_Task description_. Nothing but the lines below from the one containing "You might be" through the one containing "そのほか、合わせようは、ぜん" should appear in the answer, exact and without pictures.

_Records_.
-- Opening Marker --

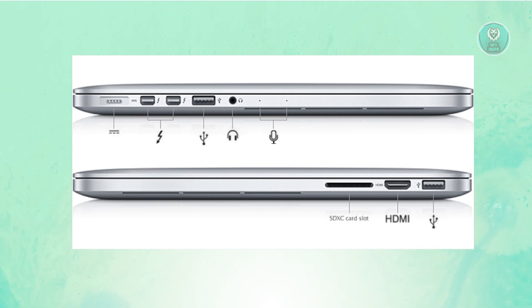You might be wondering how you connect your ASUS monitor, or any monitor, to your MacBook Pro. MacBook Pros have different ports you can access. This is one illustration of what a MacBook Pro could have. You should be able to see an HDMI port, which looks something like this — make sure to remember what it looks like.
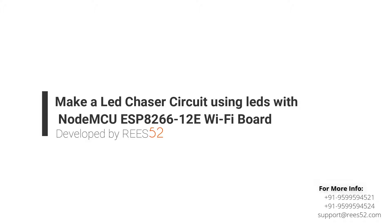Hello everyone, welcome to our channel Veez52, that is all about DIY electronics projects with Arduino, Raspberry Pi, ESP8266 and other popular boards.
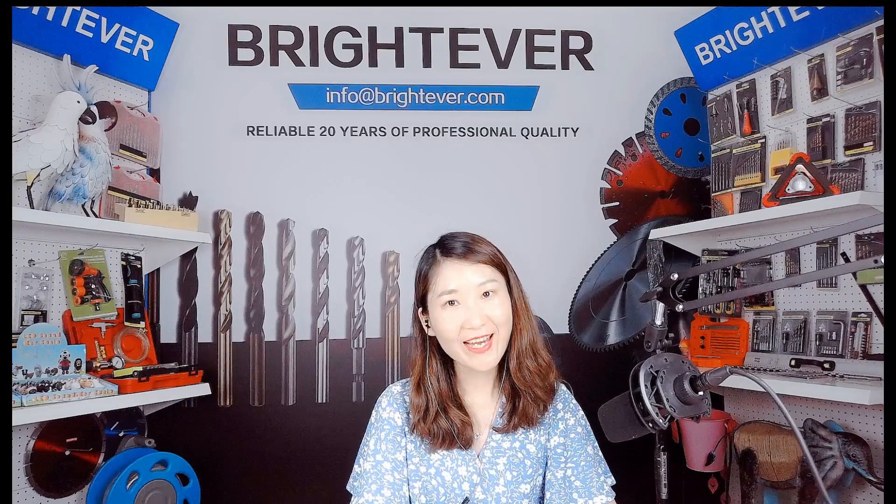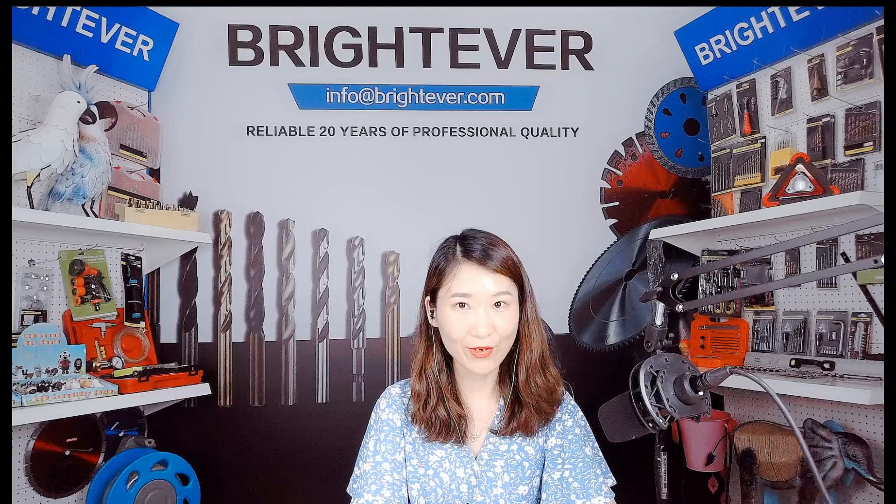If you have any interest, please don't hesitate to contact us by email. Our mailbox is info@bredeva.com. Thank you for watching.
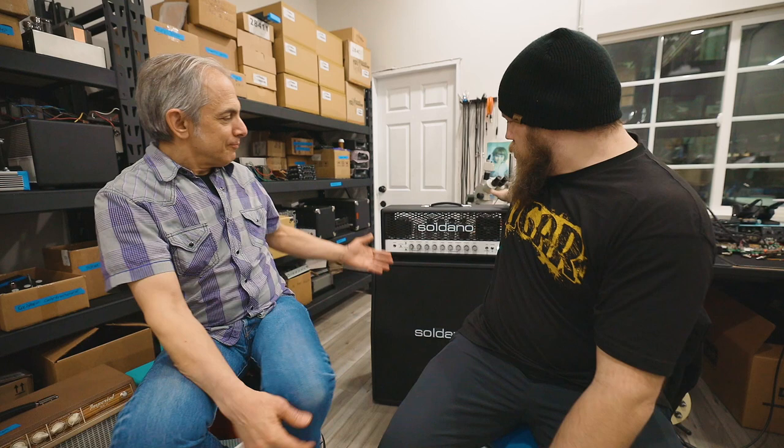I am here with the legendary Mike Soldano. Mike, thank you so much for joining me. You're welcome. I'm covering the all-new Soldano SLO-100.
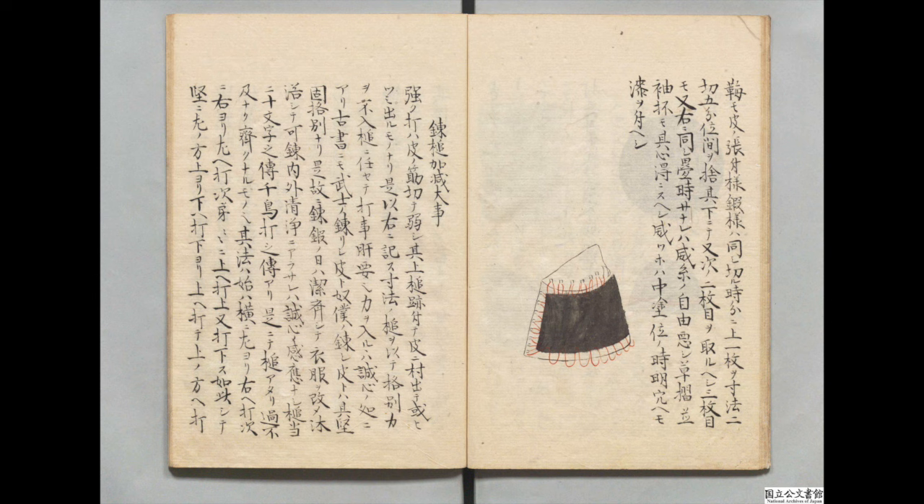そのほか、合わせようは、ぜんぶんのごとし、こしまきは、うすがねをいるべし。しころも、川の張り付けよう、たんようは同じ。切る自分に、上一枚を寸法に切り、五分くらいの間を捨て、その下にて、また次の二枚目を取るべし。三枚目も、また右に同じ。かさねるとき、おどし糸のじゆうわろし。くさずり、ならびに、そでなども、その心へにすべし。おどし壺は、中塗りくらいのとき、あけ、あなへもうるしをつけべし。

-- Closing Marker --
-- Opening Marker --

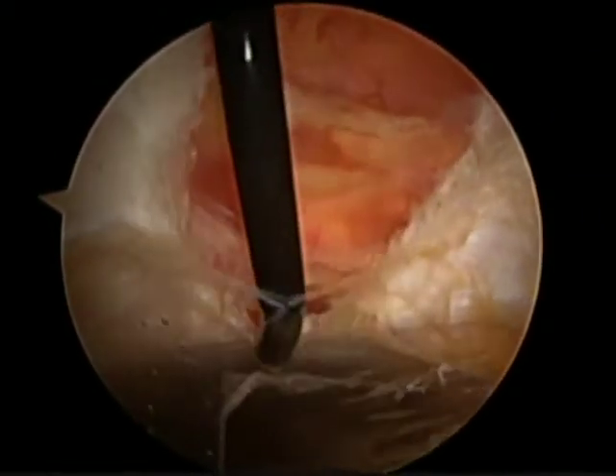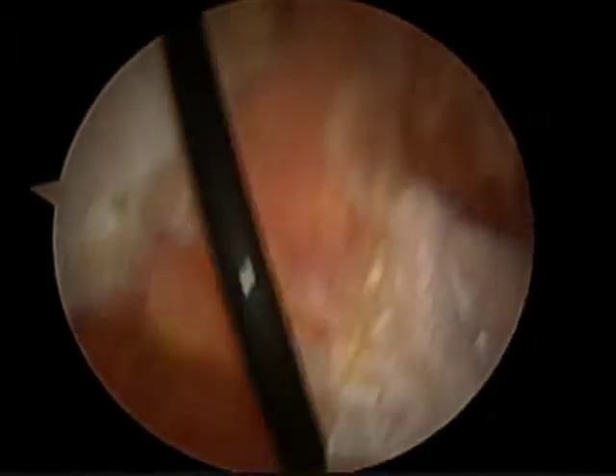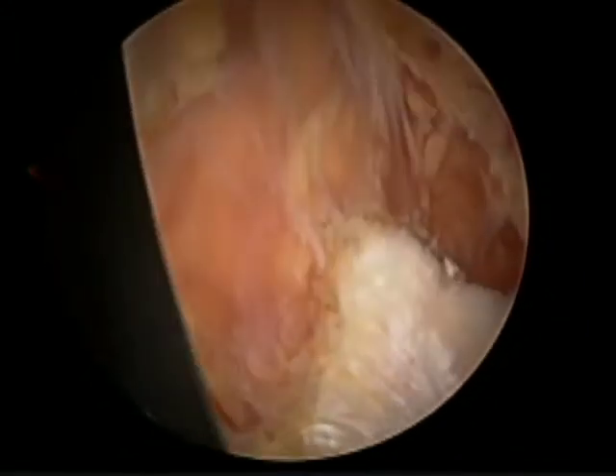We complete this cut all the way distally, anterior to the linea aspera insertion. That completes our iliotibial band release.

-- Closing Marker --
-- Opening Marker --

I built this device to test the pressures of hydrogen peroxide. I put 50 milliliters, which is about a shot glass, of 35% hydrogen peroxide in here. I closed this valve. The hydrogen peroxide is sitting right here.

-- Closing Marker --

_Solution for this problem_.
You might be wondering how you connect your ASUS monitor, or any monitor, to your MacBook Pro. MacBook Pros have different ports you can access. This is one illustration of what a MacBook Pro could have. You should be able to see an HDMI port, which looks something like this — make sure to remember what it looks like.
Hello everyone, welcome to our channel Veez52, that is all about DIY electronics projects with Arduino, Raspberry Pi, ESP8266 and other popular boards.
If you have any interest, please don't hesitate to contact us by email. Our mailbox is info@bredeva.com. Thank you for watching.
I am here with the legendary Mike Soldano. Mike, thank you so much for joining me. You're welcome. I'm covering the all-new Soldano SLO-100.
そのほか、合わせようは、ぜんぶんのごとし、こしまきは、うすがねをいるべし。しころも、川の張り付けよう、たんようは同じ。切る自分に、上一枚を寸法に切り、五分くらいの間を捨て、その下にて、また次の二枚目を取るべし。三枚目も、また右に同じ。かさねるとき、おどし糸のじゆうわろし。くさずり、ならびに、そでなども、その心へにすべし。おどし壺は、中塗りくらいのとき、あけ、あなへもうるしをつけべし。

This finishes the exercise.